A Gastronomic Journey into the History of Izmir: “From Mother to Daughter”

The book “From Mother to Daughter” is a culinary journey through Izmir’s history, featuring the recipe notebooks of Marguerite Pagy, born in 1875, and her daughter Wanda Arcas, born in 1910. Spanning two different centuries, the book captures the social and cultural structure of their respective eras. It is now prepared to embark on its own journey.

In the 1800s, Izmir emerged as a significant port city where diverse cultures and nations coexisted. Going beyond its commercial relations, environmental richness, economic development, and social life depicted in history books, Izmir invites readers on a gastronomic journey that offers a unique perspective.

The book “From Mother to Daughter” brings together a collection of recipe notebooks passed down from generation to generation, belonging to Marguerite Pagy and her daughter Wanda Arcas, lovingly preserved by Aurette Arcas, who is the aunt of Bernard Arkas, Arkas Holding Vice President. With him at the helm, the book provides a captivating narrative that delves into Izmir’s history, multicultural life, and gastronomy.

Authored by Gastronomy Expert and Author Sirma Guven, “From Mother to Daughter” takes a narrative approach, incorporating extensive gastronomy research, historical references, articles, and interviews with members of the Arkas Family and other Levantine families from Izmir.

“From Mother to Daughter” explores the cosmopolitan life of Izmir from 1875 to 1993, intertwining history, culture, and gastronomy to showcase the harmonization of diverse cuisines and the interwoven stories of its inhabitants.

Chef Aylin Yazicioglu carefully selected and adapted the recipes from the historical recipe books, ensuring their authenticity while adjusting measurements and instructions to modern standards. The book beautifully captures the memories and experiences of the Arkas Family through recipes written in French, notes, and dishes defined by the names of neighbors and friends. It serves as a family heirloom to be cherished and passed down by the women of the family for generations to come.

The Arkas Family, along with close friends and esteemed businesspeople from Izmir, gathered at the Arkas Arcademia Mattheys Mansion for a special tasting event curated by Chef Osman Sezener.

Speaking at the event, Bernard Arkas, Arkas Holding Vice President, said, “The purpose of this book originates from the fact that the men of our family live with their pictures and names in our offices because they are involved in commercial life.

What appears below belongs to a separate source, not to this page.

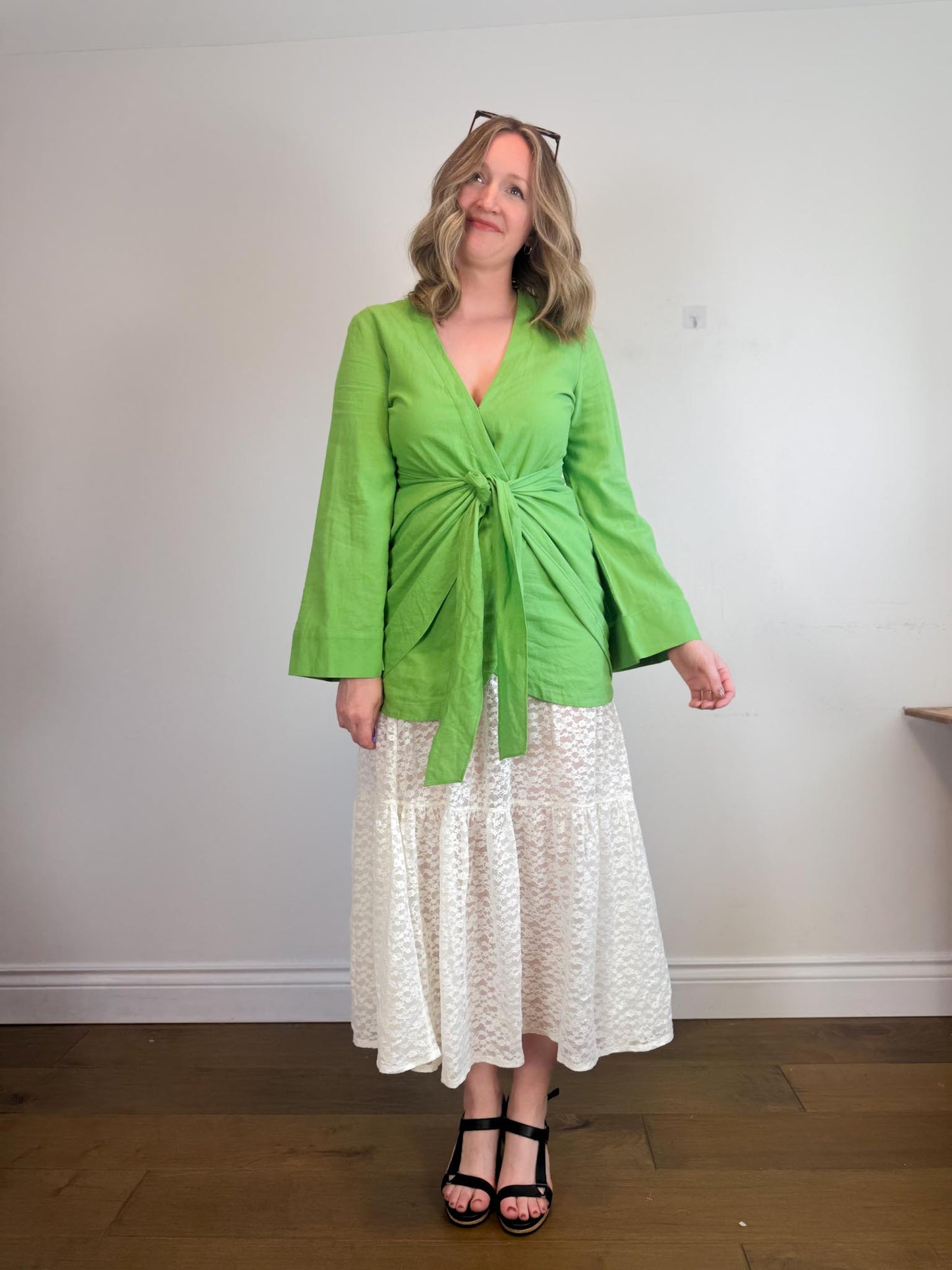L'Academie "The Janeiro Linen Mini Dress in Green" (Size M)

Because the commercial and social life of the period, which they lived in, required such a sharing. I wanted the women of my family not to be lost and forgotten, but to be remembered for all their experiences and efforts. Thanks to this book, there will be a written legacy from the women of our family, transcending our memories and passing down to our children within the Arkas family. This book serves as a testament to the Arkas women, leaving a written legacy that goes beyond our memories and ensuring their names are remembered by future generations.

The book “From Mother to Daughter” is a comprehensive exploration of Levantine families in Izmir, offering insights into their history, culture, and culinary traditions over two centuries. It goes beyond a cookbook and memoir, providing an insider’s perspective on this rich heritage. This book embodies the essence of Izmir, encompassing values such as respect for different cultures, coexistence, tolerance, and freedom, which have shaped the city into what it is today. 

I am very happy to be presenting the introduction and first taste of such a book at Arkas Arcademia, located in the Mattheys Mansion. Because the two protagonists of From Mother to Daughter lived in the Pagy Mansion, which is across the street from this mansion. They were guests in this garden, they ate that food and talked about it.”

Gastronomy Expert Sirma Guven, the author of the book, said, “From Mother to Daughter was a long journey that took us from Tuscany in Italy to the Alliotti’s, from Marseille to the Pagy’s, from the Adriatic coast to the Arkas Family’s paths that converged in Izmir, and to the story of Izmir cuisine that developed in the Bornova Pagy mansion. From Mother to Daughter is a reference for young people studying Izmir’s culinary culture, and a small gift from us to the happy tables to come. I wish that the memories and prescriptions written will live forever on the tables of future generations of the family.”

The book “From Mother to Daughter” was a result of three years of dedicated work, involving Chef Aylin Yazicioglu who reworked and adjusted the selected recipes from the notebooks, Candan Varnali who provided support in food and table design, Derya Turgut who captured the dishes through photography, Berna Kumas Sipahi, Arkas Holding Corporate Communications Director who was the Project Coordinator, and the design and project team of Arkas Holding Corporate Communications Directorate.

From Mother to Daughter is on sale at Arkas Art Center, Arkas Art Bornova and Arkas Art Urla in Izmir.